RONAK NATHANI: Right now, it's not just Kubernetes. And I can provide some context to this as well. Back in the day, I would say around 10, 11 years back, when Docker 1.0 wasn't around, LinkedIn still needed containerization because we wanted to make sure we can win back applications, stack them on a single machine. So we wrote our own container runtime. We also wrote our own scheduler.

ABDEL SGHIOUAR: Of course.

RONAK NATHANI: Friends don't let friends write schedulers, by the way. Just saying. And that stack has served us pretty well, actually, it's been running within all of our bare metal data centers, and it's been scaling as the site has grown. But over the last few years, we realized that it's aging a little bit too.

So the marginal cost of adding every new feature is increasing. Or rather, it's increasing more than linearly. And with Kubernetes and other open-source ecosystems becoming just way more mature, it just made sense for us to transition onto that path. So we've been on this journey for a while now, moving majority of our workloads to Kubernetes.

And this includes stateless, stateful, as well as batch workloads. Not everything is on Kubernetes yet, but it is soon going to be. And if you ask any of our managers, they will say, oh, they wish it was yesterday.

ABDEL SGHIOUAR: All right, so then I think this is like-- I have to ask this question, what about databases? Do you folks do databases on Kubernetes? What do you think about that?

RONAK NATHANI: So we are insane enough to run Kubernetes on bare metal, and we are also insane enough to run databases on Kubernetes. It's kind of a running joke, where people say, well, Kubernetes cannot support stateful systems. But to be honest, Kubernetes is quite flexible and adaptable. And if you understand it deeply and when you control the full stack all the way from your bare metal machines to the configuration on top, to what kind of disk you can attach to it, to the scheduler, where you can control what scheduler plugins you write, where you can also control your API server and have very strict policies on what features one can and cannot use, you can go as far to run stateful systems on Kubernetes too.

And I'll also say that we have several stateful systems which use local disk. So we don't use network-attached storage everywhere because of performance issues. So we run these applications on Kubernetes right now. And again, these are in transition phase. Migration is ongoing. And the part about controlling the stack that lets us do this is the full maintenance lifecycle.

And I'm sure Ahmet can speak more to that, where, when we run maintenance across our data centers, it coordinates the requirements with the stateful systems. So we can go into that rabbit hole, if you would like. But we don't just evict the pod and say, here, you have a one-hour grace period. Hey, database, you got to shut down.

But what we do is we respect whether an application or a stateful system is OK being shut down at that moment in time or not.
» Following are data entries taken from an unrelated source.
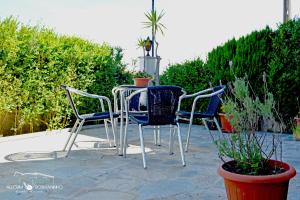 Um jardim no exterior de Alecrim Rosmaninho Guest House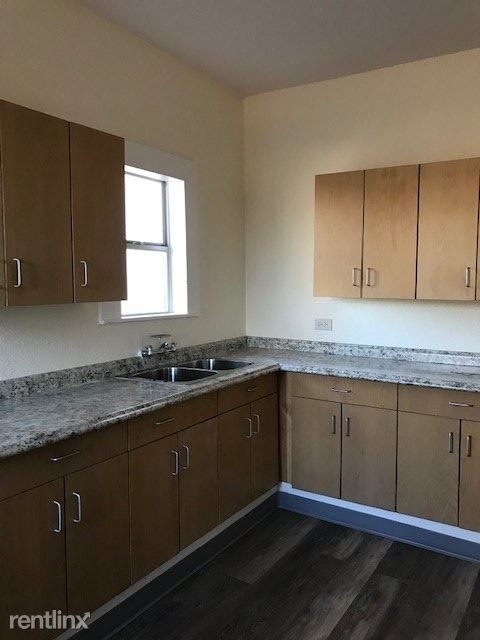 Building Photo - 2 br, 1 bath Apartment - 521 East Dewey Place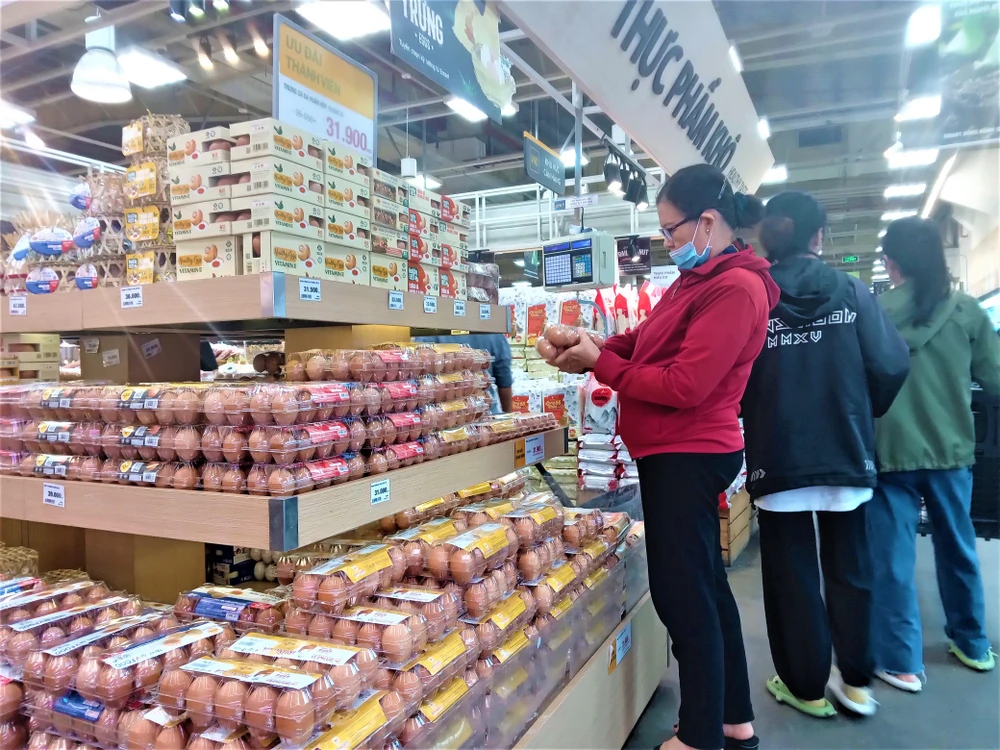 Trứng gia cầm trong chương trình bình ổn thị trường đang thấp hơn giá thị trường 10%-15% hút khách. ẢNH: TÚ UYÊN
And this is beyond just using PDBs.

ABDEL SGHIOUAR: Got it.

AHMET ALP BALKAN: And honestly, I might add that we have written our own generic stateful workload operator. This was our talk at last KubeCon North America. So we introduced this system that you can bring a stateful system to. And the stateful system needs to implement a particular protocol to take a workload out of rotation or add a new instance.

And that protocol is largely Kubernetes agnostic, which lets us run any number of different databases without writing a separate Kubernetes operator for each.

ABDEL SGHIOUAR: Oh, interesting. So does that make the workload itself Kubernetes agnostic if it has to implement the protocol? Like, the database will have to listen to something before it gets evicted. How does that work? I'm curious about this.

RONAK NATHANI: So the database doesn't need to be scheduler aware in this case. So let's say, for example-- I'll just take a simple example. I'm running etcd on Kubernetes in this case. So this protocol, what we call, this is an application control manager. So think of it as an endpoint which our controller talks to.

So this endpoint is aware of Kubernetes, but your database is not. Any operation that requires your part to be moved, whether that's because of an update that you're making to the pod because of a version change, CPU resource change, or because this is because of maintenance, what this generic controller does, it will basically contact your ACM in this case to say, hey, I'm trying to do this sort of an operation.

It's an update operation. Or if it's scale out or if it's scale in, one thing which is also interesting-- and just a side note-- is, for many stateful systems, there's a need for instant swaps, as well, meaning you don't want the entire system to go through a rebalance term just because a machine went down. So what you sometimes want to do is you say, hey, Shard A just stay Shard A.

I'm going to give you another machine, replicate this data. And don't shuffle everything. So there are these kind of operations that this protocol supports. So during this update, we talk to that ACM for the specific database and say, hey, this is the kind of operation I'm doing. This ACM is aware of the health of the database to see, do I have enough replicas for each partition that might be impacted if you take down this part, for instance?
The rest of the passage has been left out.